Task objective |
Give the entries back exactly, dropping each image.

Stored items from a collection
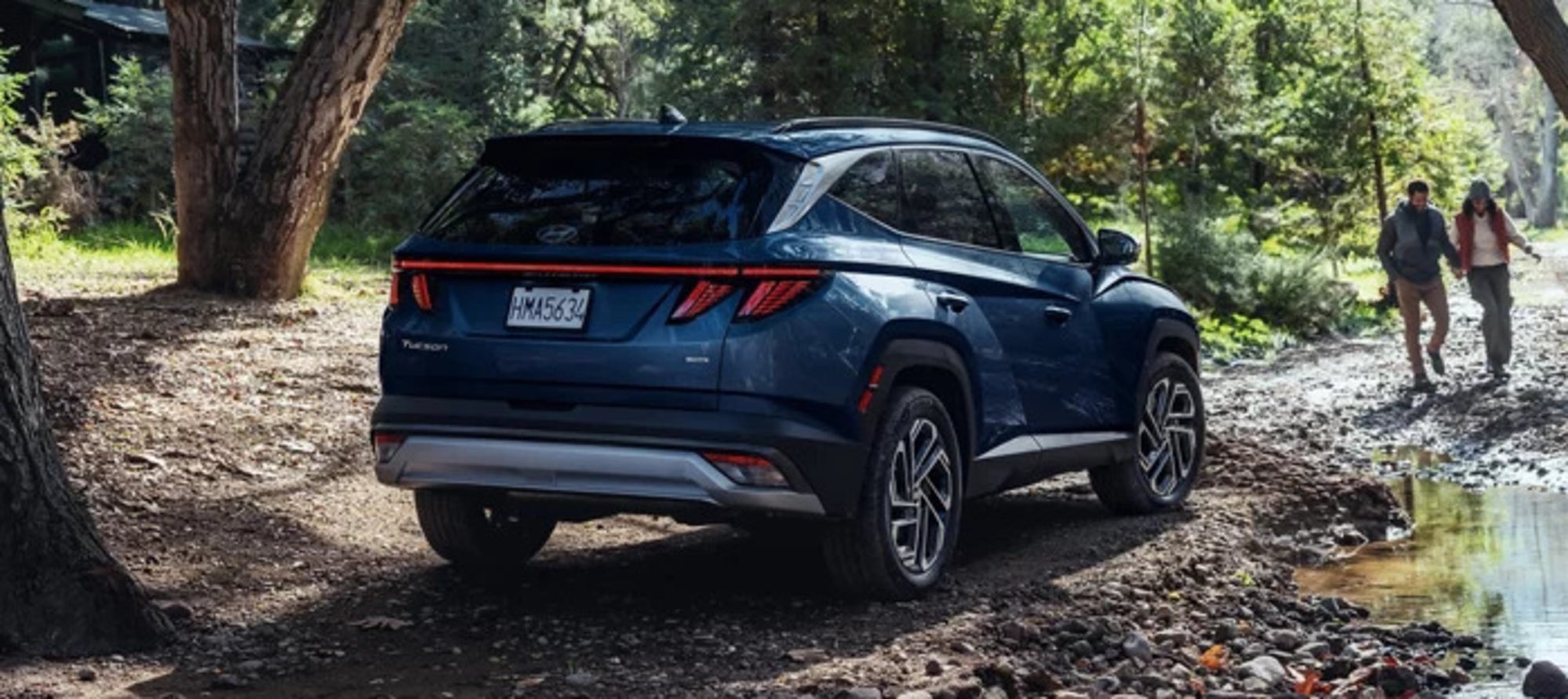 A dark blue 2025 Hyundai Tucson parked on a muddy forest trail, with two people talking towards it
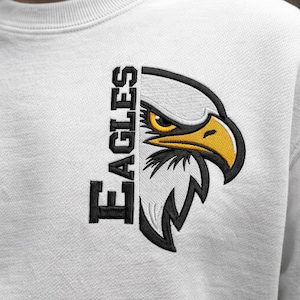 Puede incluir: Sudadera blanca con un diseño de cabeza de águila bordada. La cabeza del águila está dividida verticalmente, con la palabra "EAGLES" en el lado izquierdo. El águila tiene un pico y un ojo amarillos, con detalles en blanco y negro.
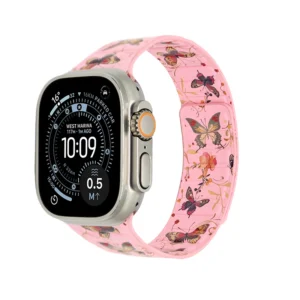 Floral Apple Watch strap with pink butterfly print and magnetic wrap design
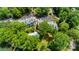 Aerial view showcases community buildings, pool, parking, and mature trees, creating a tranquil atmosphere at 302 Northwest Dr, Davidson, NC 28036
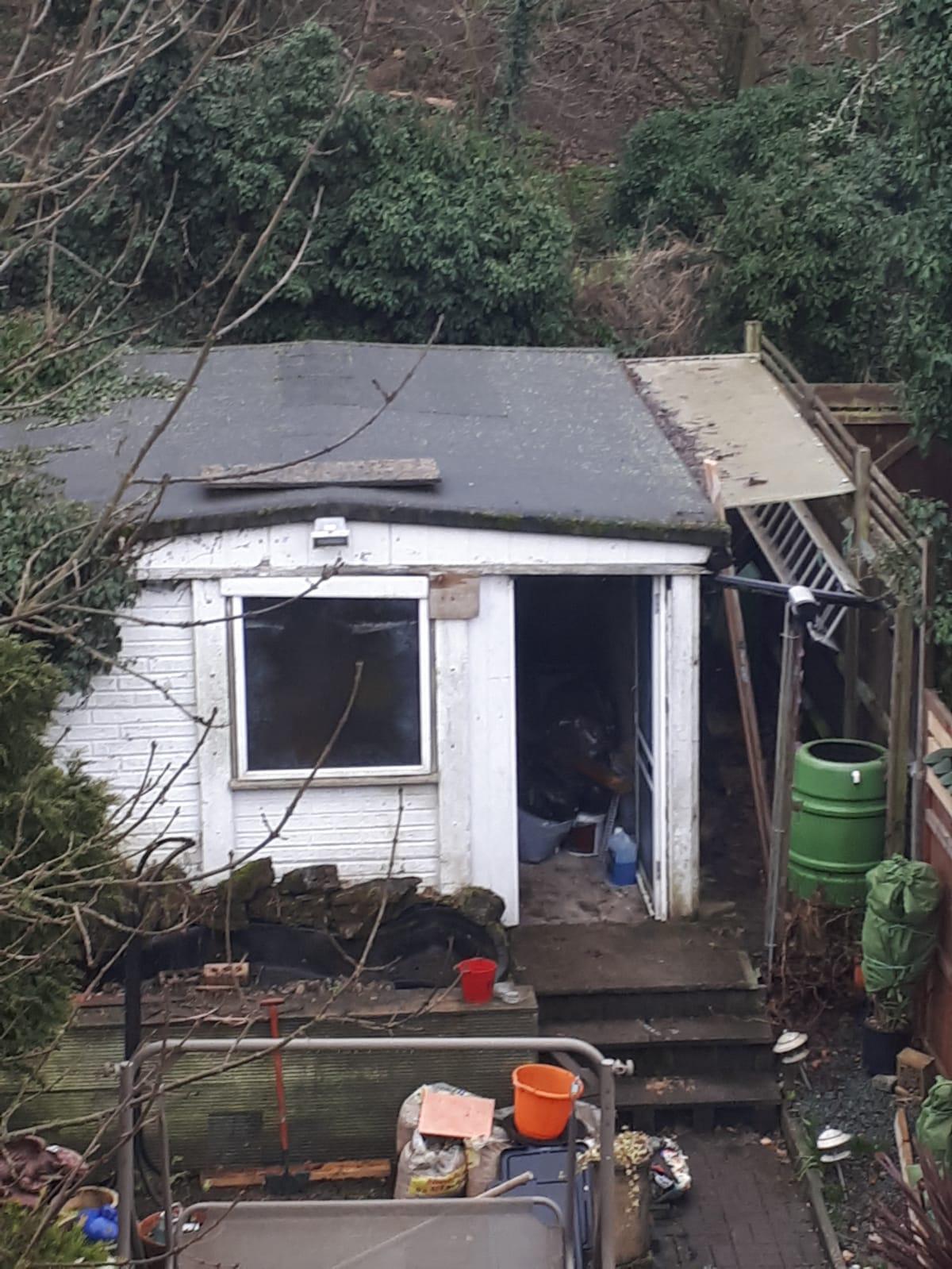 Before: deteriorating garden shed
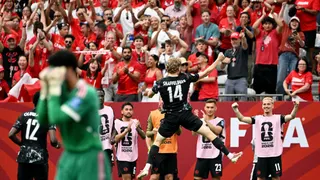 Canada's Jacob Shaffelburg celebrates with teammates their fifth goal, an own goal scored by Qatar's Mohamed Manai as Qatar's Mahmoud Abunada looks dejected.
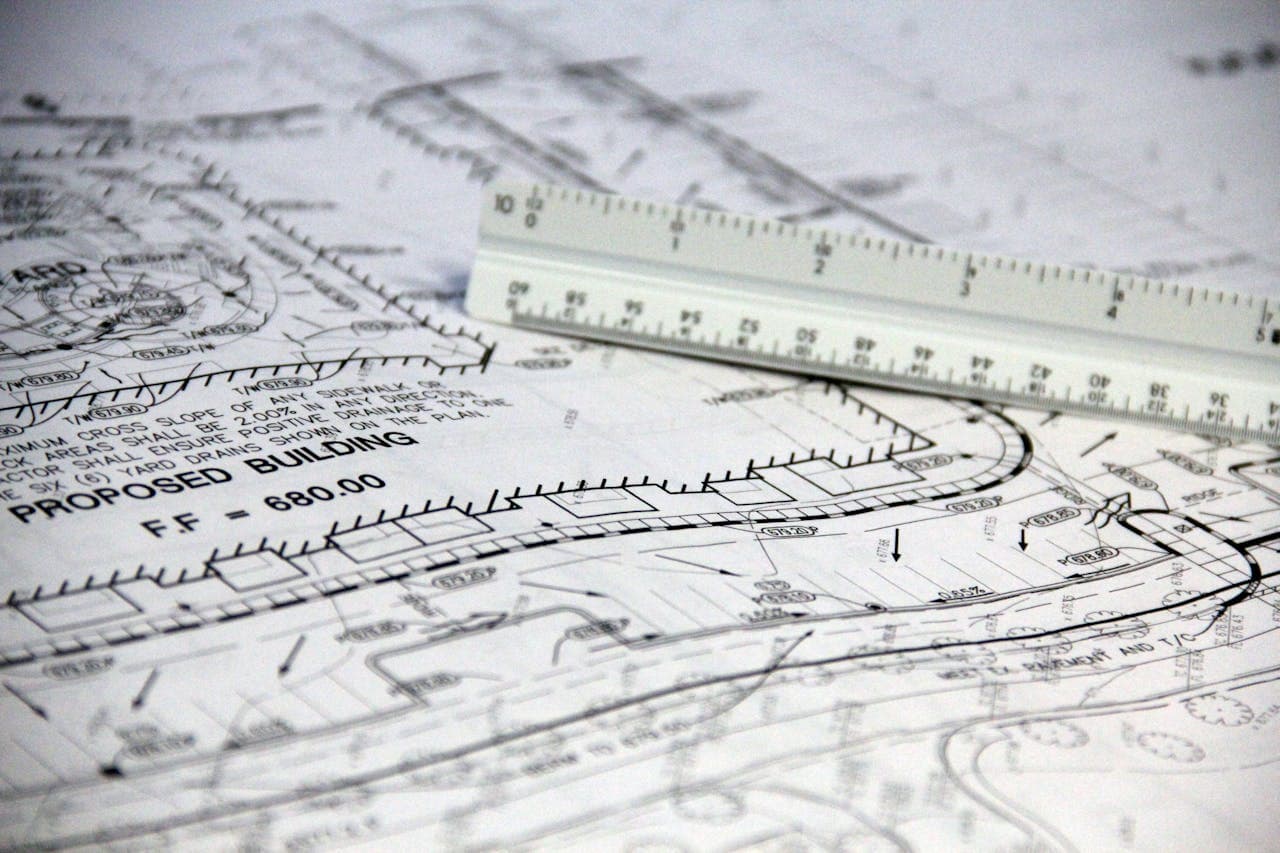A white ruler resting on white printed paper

Answer section |
 A dark blue 2025 Hyundai Tucson parked on a muddy forest trail, with two people talking towards it
 Puede incluir: Sudadera blanca con un diseño de cabeza de águila bordada. La cabeza del águila está dividida verticalmente, con la palabra "EAGLES" en el lado izquierdo. El águila tiene un pico y un ojo amarillos, con detalles en blanco y negro.
 Floral Apple Watch strap with pink butterfly print and magnetic wrap design
 Aerial view showcases community buildings, pool, parking, and mature trees, creating a tranquil atmosphere at 302 Northwest Dr, Davidson, NC 28036
 Before: deteriorating garden shed
 Canada's Jacob Shaffelburg celebrates with teammates their fifth goal, an own goal scored by Qatar's Mohamed Manai as Qatar's Mahmoud Abunada looks dejected.
A white ruler resting on white printed paper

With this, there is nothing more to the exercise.